The Guianan woodcreeper is 17 to 19 cm long; males weigh 19 to 24 g and females 18 to 20.5 g. It is a smallish woodcreeper with a slim decurved bill. The sexes have the same plumage. Adults' face, crown, and nape are dusky brown with fine buff spots on the crown that are sparser on the nape and absent from the back. Their back and wing coverts are dark russet-brown, and their rump, wings, and tail rufous-chestnut with blackish brown tips on the primaries. Their throat is plain buffy. Their breast and belly are grayish brown to olive-brown with bold, blackish-edged, pale buff to creamy white streaks. Their undertail coverts are cinnamon-brown and their underwing coverts are cinnamon to ochraceous. Their iris is dark brown to chestnut and their legs and feet brown or gray to pea-green. Their bill's maxilla has a blackish or brown to dark horn-gray base and a pale horn to yellowish end, and their mandible is whitish or pale gray to pinkish. Juveniles have darker upperparts than adults, a grayer crown with more obvious spots, and whiter, somewhat reduced, streaks on the underparts.

==Distribution and habitat==

The Guianan woodcreeper is found in northern Amazonia in the eastern Venezuelan states of Delta Amacuro and Bolívar, the Guianas, and northern Brazil north of the Amazon River from the Rio Negro east to the Atlantic ocean. It mostly inhabits terra firme and floodplain forest. It occurs less often in swamp forest, flooded várzea forest, and savanna, and in a few places semi-deciduous and gallery forest. It favors the interior and edges of tall primary forest and mature secondary forest and is found only rarely in younger secondary forest. In elevation it mostly ranges below 1000 m but is occasionally found as high as 1800 m in Venezuela.

==Behavior==
===Movement===

The Guianan woodcreeper is believed to be a year-round resident throughout its range.

===Feeding===

The Guianan woodcreeper's diet is primarily arthropods.
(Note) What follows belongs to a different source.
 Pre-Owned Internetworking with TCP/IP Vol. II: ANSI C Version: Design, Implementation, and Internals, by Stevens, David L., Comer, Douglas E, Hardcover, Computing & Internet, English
It usually forages singly or in pairs, and often joins mixed-species feeding flocks. It hitches along branches, often on their underside, mostly in the forest's sub-canopy and canopy, occasionally in the middle levels, and rarely if ever in the understory. It takes most of its prey from bark, by picking, probing, and prying off flakes. It also sometimes probes vegetation like epiphytes but only infrequently sallies after airborne prey.

===Breeding===

The Guianan woodcreeper breeds during the Guianan dry season, roughly July to September. Only one nest is known; it was in a cavity near the top of a dead stump and was lined with bark chips. It fledged at least two young. Nothing else is known about the species' breeding biology.

===Vocalization===

The Guianan woodcreeper's song is "a soft trill...that rises and falls in pitch, and trails off at end, comprising a series of 20–40 notes and lasts c. 2–3 seconds".

==Status==

The IUCN has assessed the Guianan woodcreeper as being of Least Concern. It has a large range, but its population size is not known and is believed to be decreasing. No immediate threats have been identified. Because it is primarily a canopy specialist it is not well known; it is thought to be uncommon to fairly common throughout its range. It is "[b]elieved to be dependent on forest, thus likely to be highly sensitive to habitat modification".